The franchise had become a laughingstock of losses, pathetic play and strange personnel decisions. There was the infamous “astronaut draft” when the team in 1977 picked Mike Glenn, Tate Armstrong and Steve Sheppard, none of whom would help the Bulls blast off.
There actually was a nice late run in 1977 after the Bulls got Artis Gilmore in the expansion draft and even a playoff series win in 1981 with Sloan as coach, though Sloan would be fired before the end of the following season with GM Rod Thorn coaching the last 30 games.
Sloan also is going into the Hall of Fame in the Class of ’09 and had success in Utah with the Jazz as he matured. I remember the fiery, young Sloan with the Bulls. One of my favorites was the time he tossed a chair at Larry Kenon in the locker room well before Bobby Knight thought he invented it. I’m quite sure Kenon deserved it and it was Sloan lobbying management then for free agent Bernard King, who went on to an All Star resurgence. Management opted for Kenon.

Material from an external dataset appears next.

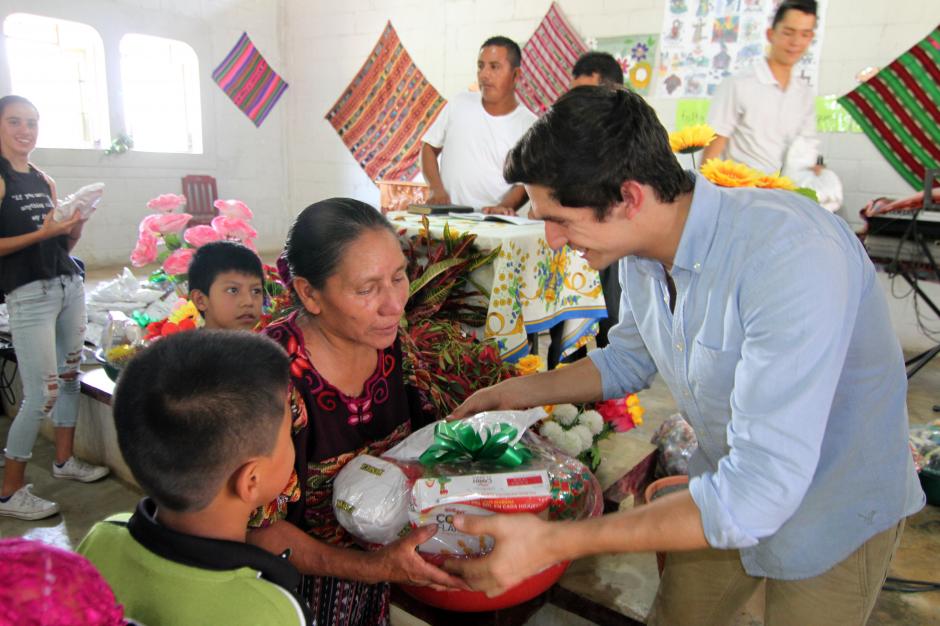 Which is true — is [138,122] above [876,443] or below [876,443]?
above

The drafts were a consistent disaster: Ronnie Lester after he blew out his knee in his final college game; Orlando Woolridge, soon to go into drug rehab, Quentin Dailey, also headed for rehab and after an assault on a student nurse.
There was the race for Olajuwon.
And then came Mr. Jordan.
Bulls attendance averaged slightly above 6,000 in the 1983-84 season. The last month the team was averaging about 4,000 per game. That was announced paid. There often were fewer than 1,000 in the building. The Bulls began an advertising campaign, “Here Comes Mr. Jordan” from the 1941 film of the boxer mistakenly going before his time. It was quickly Michael’s time.
Thorn recalls having missed the Bulls first practice that preseason. Bill Blair, then an assistant with the Bulls, called Thorn shortly afterward.
“Well,” Blair said, “you finally didn’t screw up the draft.”